(WHAT TO PRODUCE) Retype, without alteration, each line from the line containing "Sensore albero a" to the final line of the records.

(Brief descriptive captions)
_ _ _ _ _ _ _

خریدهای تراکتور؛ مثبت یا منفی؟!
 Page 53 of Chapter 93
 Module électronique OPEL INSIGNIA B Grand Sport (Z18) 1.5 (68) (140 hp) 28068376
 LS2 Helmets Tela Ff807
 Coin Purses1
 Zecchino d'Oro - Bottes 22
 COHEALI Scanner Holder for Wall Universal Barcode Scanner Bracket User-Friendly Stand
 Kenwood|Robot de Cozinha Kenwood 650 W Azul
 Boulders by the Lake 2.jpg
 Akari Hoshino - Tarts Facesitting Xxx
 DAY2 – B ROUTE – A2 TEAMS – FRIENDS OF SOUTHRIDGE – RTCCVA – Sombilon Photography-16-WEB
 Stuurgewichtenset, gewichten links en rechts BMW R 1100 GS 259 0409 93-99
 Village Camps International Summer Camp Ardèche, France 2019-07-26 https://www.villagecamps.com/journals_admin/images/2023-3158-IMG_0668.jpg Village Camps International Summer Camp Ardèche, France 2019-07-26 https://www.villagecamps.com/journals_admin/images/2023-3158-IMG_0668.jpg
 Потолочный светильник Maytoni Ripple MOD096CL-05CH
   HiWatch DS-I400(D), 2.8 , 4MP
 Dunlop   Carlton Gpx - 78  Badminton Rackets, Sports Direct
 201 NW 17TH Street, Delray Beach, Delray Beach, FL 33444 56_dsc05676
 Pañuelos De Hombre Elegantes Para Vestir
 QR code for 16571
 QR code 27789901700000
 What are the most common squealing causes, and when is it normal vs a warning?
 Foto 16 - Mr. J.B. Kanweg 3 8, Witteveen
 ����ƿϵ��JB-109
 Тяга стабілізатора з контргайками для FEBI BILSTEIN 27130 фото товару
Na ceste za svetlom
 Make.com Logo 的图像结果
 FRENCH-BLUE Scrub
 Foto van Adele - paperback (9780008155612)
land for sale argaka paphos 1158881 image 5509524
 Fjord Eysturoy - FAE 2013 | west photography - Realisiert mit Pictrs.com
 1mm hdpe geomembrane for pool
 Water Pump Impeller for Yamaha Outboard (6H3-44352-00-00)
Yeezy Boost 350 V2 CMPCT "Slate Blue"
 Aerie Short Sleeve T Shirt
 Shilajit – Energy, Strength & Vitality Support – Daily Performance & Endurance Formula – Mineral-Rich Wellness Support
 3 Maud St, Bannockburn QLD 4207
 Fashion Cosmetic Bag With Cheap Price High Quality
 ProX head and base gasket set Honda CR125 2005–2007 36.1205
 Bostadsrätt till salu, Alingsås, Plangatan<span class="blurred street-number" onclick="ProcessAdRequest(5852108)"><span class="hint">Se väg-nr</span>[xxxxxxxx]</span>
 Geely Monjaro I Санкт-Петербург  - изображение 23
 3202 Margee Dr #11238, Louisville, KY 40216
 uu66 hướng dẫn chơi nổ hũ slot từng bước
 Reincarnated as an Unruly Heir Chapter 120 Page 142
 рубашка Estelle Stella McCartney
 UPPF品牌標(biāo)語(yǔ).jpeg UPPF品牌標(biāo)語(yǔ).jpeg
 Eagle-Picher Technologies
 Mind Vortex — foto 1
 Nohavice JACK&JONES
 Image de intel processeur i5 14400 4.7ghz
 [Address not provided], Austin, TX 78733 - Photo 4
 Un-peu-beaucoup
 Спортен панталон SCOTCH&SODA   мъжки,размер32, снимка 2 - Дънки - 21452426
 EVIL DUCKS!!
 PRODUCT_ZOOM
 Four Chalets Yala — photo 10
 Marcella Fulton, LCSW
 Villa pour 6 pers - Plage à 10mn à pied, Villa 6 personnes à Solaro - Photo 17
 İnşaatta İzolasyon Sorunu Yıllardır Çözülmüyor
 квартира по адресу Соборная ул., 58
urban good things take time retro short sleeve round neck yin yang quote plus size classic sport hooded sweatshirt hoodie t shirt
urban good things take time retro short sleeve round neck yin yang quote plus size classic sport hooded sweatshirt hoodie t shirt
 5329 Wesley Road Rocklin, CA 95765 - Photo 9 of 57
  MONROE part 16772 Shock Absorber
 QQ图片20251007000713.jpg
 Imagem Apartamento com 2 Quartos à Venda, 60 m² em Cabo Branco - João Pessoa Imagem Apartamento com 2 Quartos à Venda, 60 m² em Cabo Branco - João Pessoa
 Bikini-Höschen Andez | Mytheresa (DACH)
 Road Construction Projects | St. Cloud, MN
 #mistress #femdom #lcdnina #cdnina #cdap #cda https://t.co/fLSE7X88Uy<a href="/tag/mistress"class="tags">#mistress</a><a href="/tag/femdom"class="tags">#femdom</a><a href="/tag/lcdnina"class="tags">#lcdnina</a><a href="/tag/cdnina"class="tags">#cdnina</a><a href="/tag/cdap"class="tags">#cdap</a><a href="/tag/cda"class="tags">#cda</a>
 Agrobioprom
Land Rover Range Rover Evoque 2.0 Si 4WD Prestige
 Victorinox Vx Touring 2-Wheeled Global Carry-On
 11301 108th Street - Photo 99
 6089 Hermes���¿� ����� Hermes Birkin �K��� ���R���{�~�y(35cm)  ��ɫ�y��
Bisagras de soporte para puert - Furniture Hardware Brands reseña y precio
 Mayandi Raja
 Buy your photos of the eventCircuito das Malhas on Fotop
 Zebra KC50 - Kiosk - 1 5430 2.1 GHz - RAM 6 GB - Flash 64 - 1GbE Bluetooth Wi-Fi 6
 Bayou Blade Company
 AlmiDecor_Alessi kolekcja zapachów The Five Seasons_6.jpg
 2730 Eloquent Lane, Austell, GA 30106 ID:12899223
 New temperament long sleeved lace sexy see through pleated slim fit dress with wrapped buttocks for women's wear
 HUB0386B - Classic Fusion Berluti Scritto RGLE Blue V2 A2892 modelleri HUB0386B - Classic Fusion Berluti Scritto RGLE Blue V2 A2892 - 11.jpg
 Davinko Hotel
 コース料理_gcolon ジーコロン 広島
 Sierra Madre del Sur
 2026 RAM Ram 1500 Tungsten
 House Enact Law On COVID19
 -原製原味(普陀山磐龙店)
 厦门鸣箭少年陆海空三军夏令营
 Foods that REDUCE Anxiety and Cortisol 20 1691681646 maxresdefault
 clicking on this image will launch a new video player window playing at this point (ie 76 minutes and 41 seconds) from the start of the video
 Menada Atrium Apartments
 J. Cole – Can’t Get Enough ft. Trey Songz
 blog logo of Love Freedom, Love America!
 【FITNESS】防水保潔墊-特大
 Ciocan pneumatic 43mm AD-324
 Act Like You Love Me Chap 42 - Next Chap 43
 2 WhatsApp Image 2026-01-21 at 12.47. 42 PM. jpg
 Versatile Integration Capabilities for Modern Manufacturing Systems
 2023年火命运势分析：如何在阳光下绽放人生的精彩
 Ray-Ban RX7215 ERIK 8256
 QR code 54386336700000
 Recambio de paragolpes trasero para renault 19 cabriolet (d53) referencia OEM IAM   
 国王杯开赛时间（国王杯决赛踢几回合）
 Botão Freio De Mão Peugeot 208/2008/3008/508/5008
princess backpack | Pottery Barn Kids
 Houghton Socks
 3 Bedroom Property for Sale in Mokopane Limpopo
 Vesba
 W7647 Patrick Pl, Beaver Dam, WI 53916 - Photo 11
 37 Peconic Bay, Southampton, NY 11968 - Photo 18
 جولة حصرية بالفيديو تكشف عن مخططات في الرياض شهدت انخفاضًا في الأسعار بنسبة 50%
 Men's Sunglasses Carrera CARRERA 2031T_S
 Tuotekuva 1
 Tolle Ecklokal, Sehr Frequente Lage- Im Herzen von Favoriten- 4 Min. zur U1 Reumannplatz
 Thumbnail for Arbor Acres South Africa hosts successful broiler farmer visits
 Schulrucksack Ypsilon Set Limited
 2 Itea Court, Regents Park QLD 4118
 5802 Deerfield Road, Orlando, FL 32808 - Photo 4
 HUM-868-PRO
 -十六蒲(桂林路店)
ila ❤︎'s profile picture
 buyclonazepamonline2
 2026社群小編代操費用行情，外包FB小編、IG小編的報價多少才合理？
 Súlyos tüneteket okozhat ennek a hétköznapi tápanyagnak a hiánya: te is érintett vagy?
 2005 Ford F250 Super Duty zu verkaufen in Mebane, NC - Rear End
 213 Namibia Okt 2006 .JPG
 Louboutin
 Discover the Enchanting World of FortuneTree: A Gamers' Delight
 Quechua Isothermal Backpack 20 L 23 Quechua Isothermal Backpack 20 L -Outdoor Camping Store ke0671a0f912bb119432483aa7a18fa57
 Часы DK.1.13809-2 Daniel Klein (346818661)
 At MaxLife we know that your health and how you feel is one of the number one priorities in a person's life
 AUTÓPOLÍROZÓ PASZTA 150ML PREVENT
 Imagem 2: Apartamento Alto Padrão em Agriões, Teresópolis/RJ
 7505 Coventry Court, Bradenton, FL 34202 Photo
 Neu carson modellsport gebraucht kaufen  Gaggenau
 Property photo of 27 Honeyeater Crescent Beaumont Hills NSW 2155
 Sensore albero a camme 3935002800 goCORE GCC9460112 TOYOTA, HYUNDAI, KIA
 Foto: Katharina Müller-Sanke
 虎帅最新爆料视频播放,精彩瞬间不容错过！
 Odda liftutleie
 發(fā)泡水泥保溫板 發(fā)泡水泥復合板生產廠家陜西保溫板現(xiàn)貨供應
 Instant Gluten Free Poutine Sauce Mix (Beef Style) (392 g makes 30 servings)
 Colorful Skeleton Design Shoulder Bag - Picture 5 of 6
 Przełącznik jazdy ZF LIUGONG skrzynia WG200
_ _ _ _ _ _ _
(TASK OUTPUT)
 Sensore albero a camme 3935002800 goCORE GCC9460112 TOYOTA, HYUNDAI, KIA
 Foto: Katharina Müller-Sanke
 虎帅最新爆料视频播放,精彩瞬间不容错过！
 Odda liftutleie
 發(fā)泡水泥保溫板 發(fā)泡水泥復合板生產廠家陜西保溫板現(xiàn)貨供應
 Instant Gluten Free Poutine Sauce Mix (Beef Style) (392 g makes 30 servings)
 Colorful Skeleton Design Shoulder Bag - Picture 5 of 6
 Przełącznik jazdy ZF LIUGONG skrzynia WG200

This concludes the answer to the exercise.